Entro em casa sentindo-me física e emocionalmente exausto, agradecendo mentalmente por todos parecerem adormecidos.

Sento-me pesadamente em minha poltrona, escondendo o rosto entre as mãos, refletindo um pouco mais sobre tudo que se passara em minha residência e fora dela nas últimas horas.

Pressentira, desde que os vira chegar, que teria problemas tanto pelos comentários maldosos que de imediato começaram espalhar-se feito rastilho de pólvora, quanto pelo desejo manifesto, ainda na enfermaria, por Thomas Merlyn em cortejar minha filha. E também pelo evidente sentimento que ela nutria por ele. Estava explicito em seus olhos cada vez que o nome do rapaz era citado ou o vi mesmo que a distância.

Minha esposa já havia, semanas antes, alertando-me acerca do que julgava ser uma “aproximação indesejada” entre os dois quando serviu-nos em casa e que por isto vinha mantendo vigilância sobre eles.

Mesmo assim, quando da viagem de nosso filho, não hesitei em manda-lo junto com Caitlin e sua acompanhante a Central City despedir-se do irmão e fazer as benditas compras pedidas pela irmã para o casamento.

Minto, hesitei sim, mas não via escolha. Não poderia ausentar-me aquele dia posto que todos os funcionários do banco no qual trabalho estavam sob investigação (fato que jamais revelei a minha esposa) e igualmente não podia permitir uma jovem viajar unicamente em companhia do cocheiro e uma dama mesmo tratando-se de um percurso relativamente curto entre as duas cidades. Era demasiado arriscado e meus temores acabaram por confirmar-se quando não regressaram como esperado.

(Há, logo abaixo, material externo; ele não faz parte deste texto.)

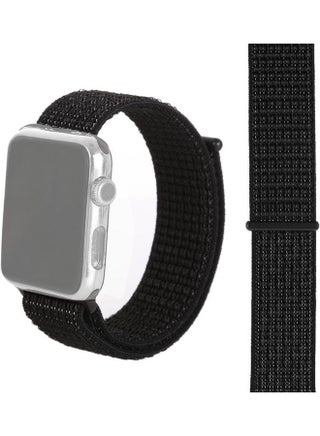 Simple Fashion Nylon Replacement Strap For Apple Watch Series 5/4 40mm And 3/2/1 38mm Nightfall Black - v1629150972/N50145833A_1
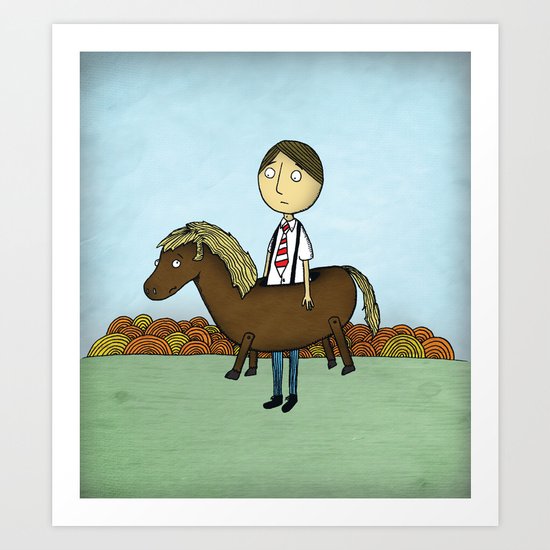 Horseback Art Print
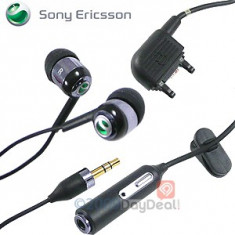 Vand casti / handsfree Sony Ericsson HPM-77 negre, noi foto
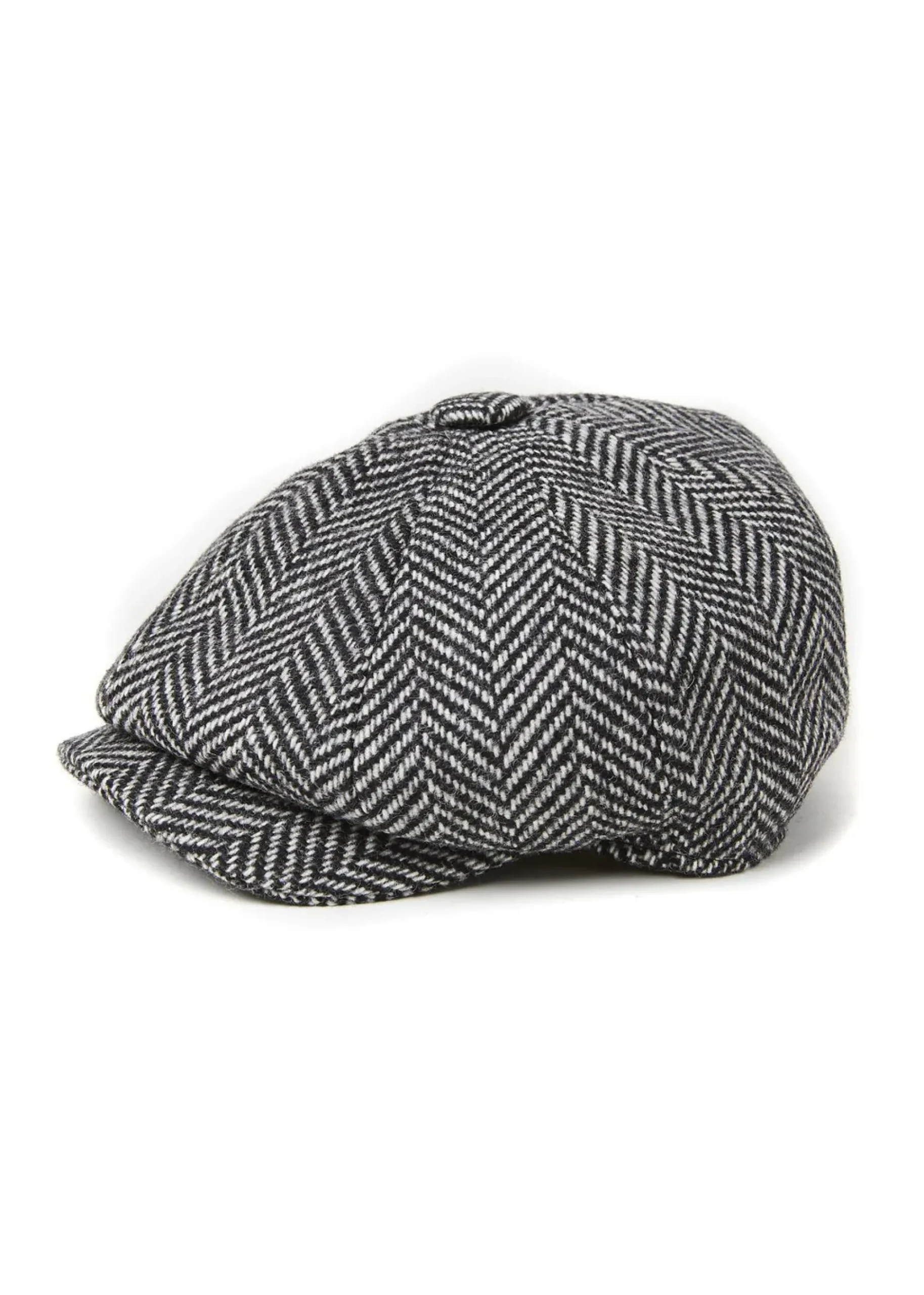 Holland Cooper Baker Boy Cap Houndstooth Clearance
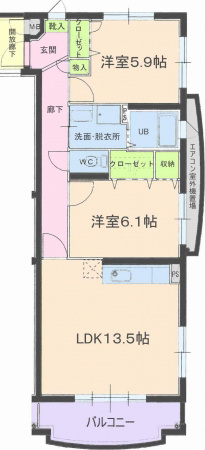 ベルフラワー壱番館 間取り図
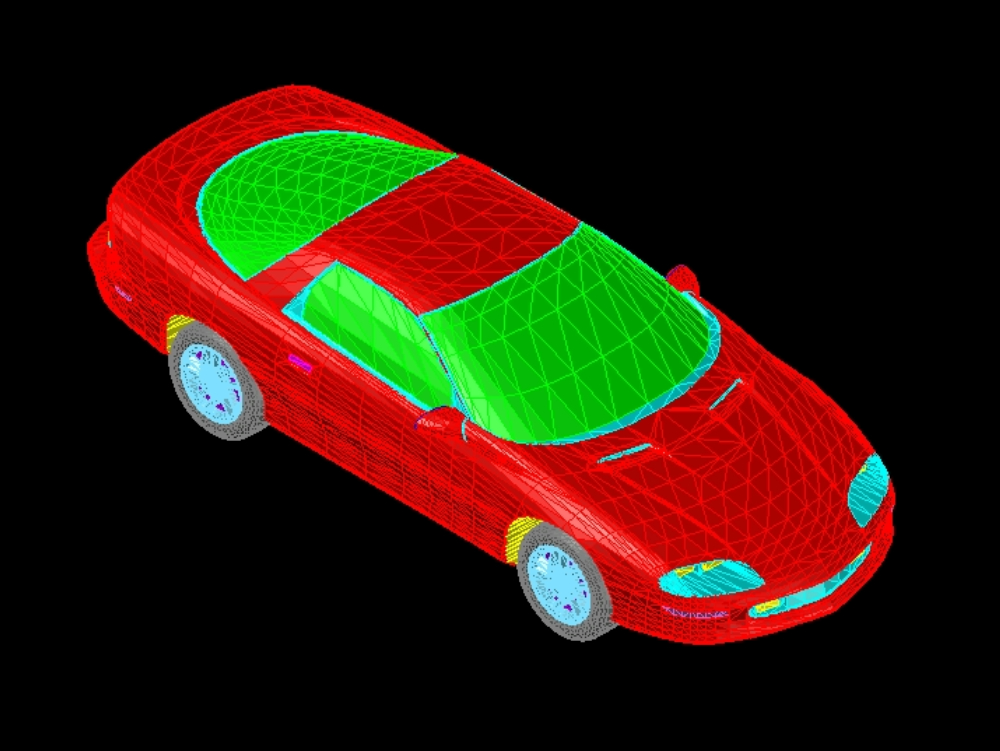 Automóvil en 3D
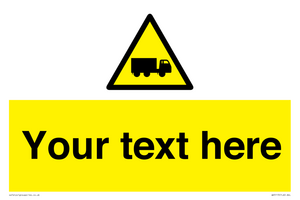 WV5113: Custom Lorry Hazard Sign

A partir daquele momento, só podia contar que o rapaz, estando ou não interessado em minha filha, conforme minha esposa suspeitava, mantivesse a palavra e a trouxesse em segurança para casa.

—E a trouxe Dom, isto não pode negar – digo a mim mesmo, levantando-me, indo servir-me de uma bebida – Só não foi capaz resistir a seus impulsos e desejos! – amarguro-me, sorvendo o liquido de um gole, o movimento na escadaria chamando-me atenção. Estreito os olhos na escuridão tentando divisar de quem tratava-se – Carla?? – chamo, o soluçar sentido indicando-me estar errado – Caitlin? – arrisco.

—Sou eu meu pai – Olivia responde, vindo abraçar-me, o choro desesperado deixando-me aflito.

—O que houve meu anjo? – pergunto, mantendo-a junto a mim.

—Perdoe-me por trazer-lhe mais más notícias meu pai, mas sinto que se não tomar uma providência imediata, Caitlin estará condenada a um futuro terrível!! – diz, fazendo-me retesar de pronto.

—O que está querendo dizer com isto? Onde está sua irmã? – interrogo, afastando-a o suficiente para ver-lhe o rosto úmido pelas lágrimas – Olivia, fale. O que houve a sua irmã? Acaso Caitlin cometeu alguma loucura? – questiono-a, preocupado.

—Ela não. Mamãe – diz – Depois que todos se foram, mamãe foi ter com Cait no quarto. Estava furiosa. Gritou com ela...E depois a levou embora – conta, soluçando – Quando regressou, não a trazia consigo e quando perguntei-lhe disse que estava no lugar que mulheres como ela merecem estar e quando insisti esbofeteou-me e mandou-me dormir, que não era de minha conta e deveria comportar-me, ser obediente se não quisesse ter o mesmo destino...- dispara, parando apenas quando o choro a impede falar.

—Onde sua mãe está agora? – quero saber, a raiva fazendo meu sangue ferver.

—No quarto de Cait...quebrando suas coisas, rasgando seus vestidos e....- não a aguardo terminar.

Solto-a, subindo os degraus de dois em dois, alcançando o quarto de minha filha mais nova em poucos minutos, encontrando minha esposa sentada sobre o colchão.

—Que diabos pensa estar fazendo mulher?? Acaso enlouqueceu?? – vocifero fazendo-a estancar, olhando-me com olhos vermelhos.

—Diga-me que aquele infeliz vai apodrecer na cadeia pelo que fez!? – pede, soltando o vestido que segurava, o amontoado de tecidos indo ao chão – Ao menos isto me deixara de alma lavada! Saber que aquele infeliz não vai....

—Para onde levou nossa filha? – pergunto, ignorando-a tal qual fizera – Onde está Caitlin? – repito.

—Onde mulheres que se dão desfrute devem estar – diz, amarga, pegando outro vestido de nossa filha.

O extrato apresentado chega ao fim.